Psychotic depression, formally classified as Major Depressive Disorder with Psychotic Features in DSM-5-TR or Severe Depression with Psychotic Symptoms in ICD-11, is a severe and distinct subtype of major depression characterized by the presence of delusions and/or hallucinations during a major depressive episode. Affects 14-20% of patients hospitalized for major depressive disorder and 30-50% of older adults with severe depression. Distinguished from schizophrenia and schizoaffective disorder by the temporal relationship of psychotic symptoms occurring exclusively during mood episodes.

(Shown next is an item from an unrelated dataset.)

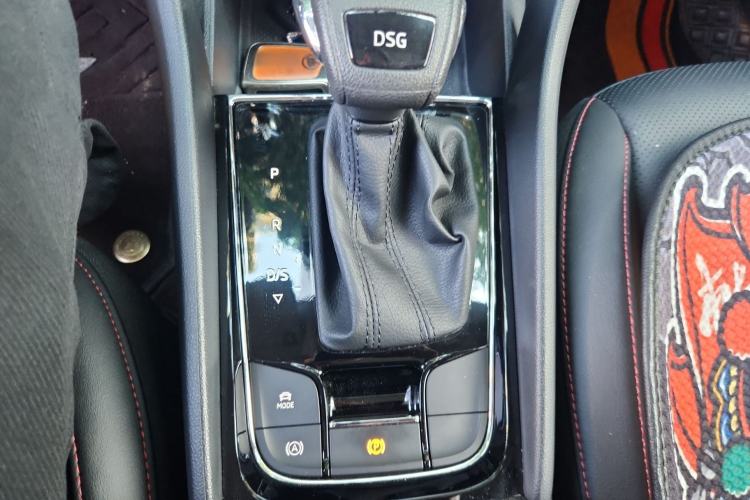 Used Skoda Karoq 2022 TSI280 Premium Edition Gear Lever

Clinical features include severe major depressive episode plus psychotic features. Mood-congruent psychotic features are most common (consistent with depressive themes): delusions of guilt (responsible for catastrophes), worthlessness, nihilism (Cotard syndrome with belief that body parts or self do not exist), poverty, somatic delusions (incurable disease, internal decay), persecution (deserved punishment), and auditory hallucinations (derogatory voices, commands to harm self). Mood-incongruent features (less common, possibly worse prognosis): grandiose, persecutory unrelated to depressive themes. Severe psychomotor retardation or agitation, profound anhedonia, marked guilt, somatic complaints, and high suicide rates (3-5x higher than non-psychotic MDD) are characteristic.
Diagnosis is clinical based on DSM-5-TR criteria for major depressive episode plus psychotic features specifier. Differential diagnosis includes bipolar I depression with psychotic features (history of mania), schizoaffective disorder (psychosis without mood symptoms for ≥2 weeks), schizophrenia (chronic psychosis), substance/medication-induced, medical (thyroid, B12, neurological), and dementia. Workup: comprehensive history, mental status examination including suicide risk assessment, screening labs (TSH, B12, folate, vitamin D, RPR, HIV), urine toxicology, brain imaging if indicated. First-line treatment per APA/NICE guidelines: combination antidepressant + antipsychotic (e.g., venlafaxine + olanzapine; sertraline + risperidone; bupropion + quetiapine; not antidepressant alone). Specific evidence: STOP-PD trial supported sertraline + olanzapine. Treatment duration: continue combination for at least 6-12 months, gradual antipsychotic taper before antidepressant. Electroconvulsive therapy (ECT) is highly effective (response 80-95%) and considered first-line for severe, life-threatening, treatment-resistant, catatonic, geriatric, or pregnant patients; response is rapid (1-3 weeks) and acceptability is high; acute course typically 6-12 sessions, maintenance ECT for relapse prevention. Hospitalization is often required for safety. Suicide prevention is paramount: close monitoring, means restriction, family education. Comorbidities (medical, anxiety, substance) are addressed concurrently. Long-term: maintenance therapy, relapse prevention, psychotherapy (CBT for depression after acute resolution), and lithium augmentation as adjunct.